Required action:
Would you please write out the records below exactly as they appear?
───── Task data
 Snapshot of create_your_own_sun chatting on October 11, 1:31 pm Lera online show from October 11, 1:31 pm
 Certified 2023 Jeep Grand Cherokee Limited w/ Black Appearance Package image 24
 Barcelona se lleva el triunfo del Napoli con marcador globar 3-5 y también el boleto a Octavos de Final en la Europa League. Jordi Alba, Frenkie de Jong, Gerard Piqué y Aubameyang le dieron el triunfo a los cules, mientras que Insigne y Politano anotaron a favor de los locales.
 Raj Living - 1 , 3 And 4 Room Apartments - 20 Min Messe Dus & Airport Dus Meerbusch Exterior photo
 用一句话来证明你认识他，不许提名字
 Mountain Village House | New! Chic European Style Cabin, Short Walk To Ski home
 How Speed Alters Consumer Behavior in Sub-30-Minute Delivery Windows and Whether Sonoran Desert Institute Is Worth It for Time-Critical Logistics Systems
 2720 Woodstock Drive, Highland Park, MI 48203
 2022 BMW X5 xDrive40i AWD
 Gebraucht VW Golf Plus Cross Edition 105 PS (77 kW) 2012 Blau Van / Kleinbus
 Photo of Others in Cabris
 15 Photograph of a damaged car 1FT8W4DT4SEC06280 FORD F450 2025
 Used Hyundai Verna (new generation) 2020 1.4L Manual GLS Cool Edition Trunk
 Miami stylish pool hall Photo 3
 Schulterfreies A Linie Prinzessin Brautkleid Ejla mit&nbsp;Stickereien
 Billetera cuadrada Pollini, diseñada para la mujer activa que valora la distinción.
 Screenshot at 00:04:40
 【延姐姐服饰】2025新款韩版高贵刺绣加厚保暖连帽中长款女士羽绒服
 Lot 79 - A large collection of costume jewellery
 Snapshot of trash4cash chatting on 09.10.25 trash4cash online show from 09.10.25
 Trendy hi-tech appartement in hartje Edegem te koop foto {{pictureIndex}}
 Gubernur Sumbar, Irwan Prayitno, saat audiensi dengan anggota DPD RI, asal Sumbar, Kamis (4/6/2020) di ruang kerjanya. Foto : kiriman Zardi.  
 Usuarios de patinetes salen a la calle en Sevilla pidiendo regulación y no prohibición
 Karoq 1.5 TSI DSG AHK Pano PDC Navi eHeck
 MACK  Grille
──────────
Response to the task:
 Snapshot of create_your_own_sun chatting on October 11, 1:31 pm Lera online show from October 11, 1:31 pm
 Certified 2023 Jeep Grand Cherokee Limited w/ Black Appearance Package image 24
 Barcelona se lleva el triunfo del Napoli con marcador globar 3-5 y también el boleto a Octavos de Final en la Europa League. Jordi Alba, Frenkie de Jong, Gerard Piqué y Aubameyang le dieron el triunfo a los cules, mientras que Insigne y Politano anotaron a favor de los locales.
 Raj Living - 1 , 3 And 4 Room Apartments - 20 Min Messe Dus & Airport Dus Meerbusch Exterior photo
 用一句话来证明你认识他，不许提名字
 Mountain Village House | New! Chic European Style Cabin, Short Walk To Ski home
 How Speed Alters Consumer Behavior in Sub-30-Minute Delivery Windows and Whether Sonoran Desert Institute Is Worth It for Time-Critical Logistics Systems
 2720 Woodstock Drive, Highland Park, MI 48203
 2022 BMW X5 xDrive40i AWD
 Gebraucht VW Golf Plus Cross Edition 105 PS (77 kW) 2012 Blau Van / Kleinbus
 Photo of Others in Cabris
 15 Photograph of a damaged car 1FT8W4DT4SEC06280 FORD F450 2025
 Used Hyundai Verna (new generation) 2020 1.4L Manual GLS Cool Edition Trunk
 Miami stylish pool hall Photo 3
 Schulterfreies A Linie Prinzessin Brautkleid Ejla mit&nbsp;Stickereien
 Billetera cuadrada Pollini, diseñada para la mujer activa que valora la distinción.
 Screenshot at 00:04:40
 【延姐姐服饰】2025新款韩版高贵刺绣加厚保暖连帽中长款女士羽绒服
 Lot 79 - A large collection of costume jewellery
 Snapshot of trash4cash chatting on 09.10.25 trash4cash online show from 09.10.25
 Trendy hi-tech appartement in hartje Edegem te koop foto {{pictureIndex}}
 Gubernur Sumbar, Irwan Prayitno, saat audiensi dengan anggota DPD RI, asal Sumbar, Kamis (4/6/2020) di ruang kerjanya. Foto : kiriman Zardi.  
 Usuarios de patinetes salen a la calle en Sevilla pidiendo regulación y no prohibición
 Karoq 1.5 TSI DSG AHK Pano PDC Navi eHeck
 MACK  Grille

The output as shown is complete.